__Problem to solve__:
Your task is to retype, exactly and without pictures, the line holding "маркетинга сферы услуг." and each line that follows it to the end of the entries.
[[ Provided material, beginning ]]
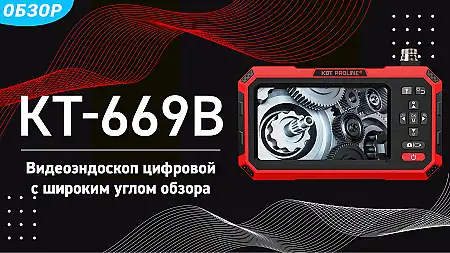 Что под капотом твоего автомобиля?! Обзор и тест видеоэндоскопа КТ 669B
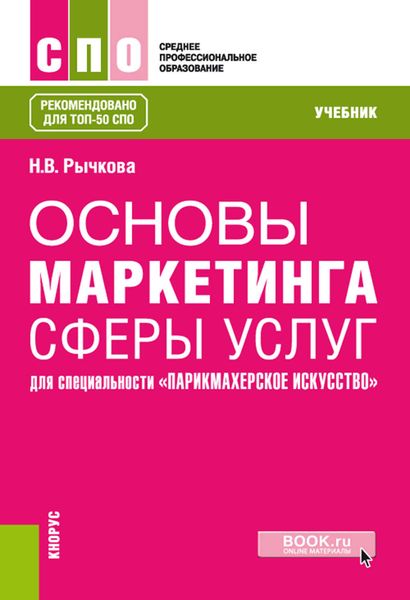 Обложка книги  «Основы маркетинга сферы услуг. Для специальности «Парикмахерское искусство»»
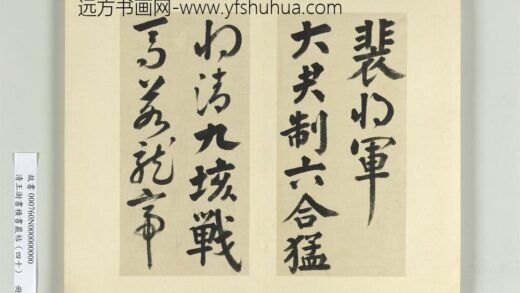 清王澍书积书岩帖（四十）册临颜真卿赠裴将军诗 1.jpg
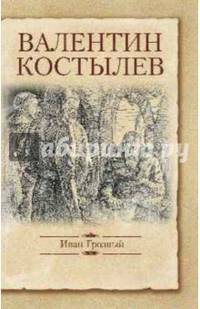 Иван Грозный (12+)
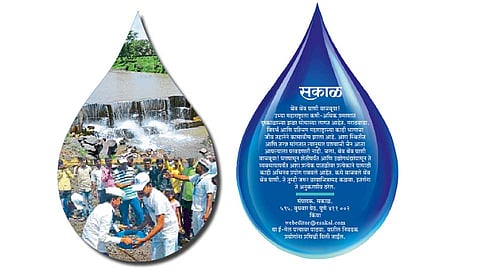 Water-Issue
[[ Provided material, end ]]
__Final answer__:
 Обложка книги  «Основы маркетинга сферы услуг. Для специальности «Парикмахерское искусство»»
 清王澍书积书岩帖（四十）册临颜真卿赠裴将军诗 1.jpg
 Иван Грозный (12+)
 Water-Issue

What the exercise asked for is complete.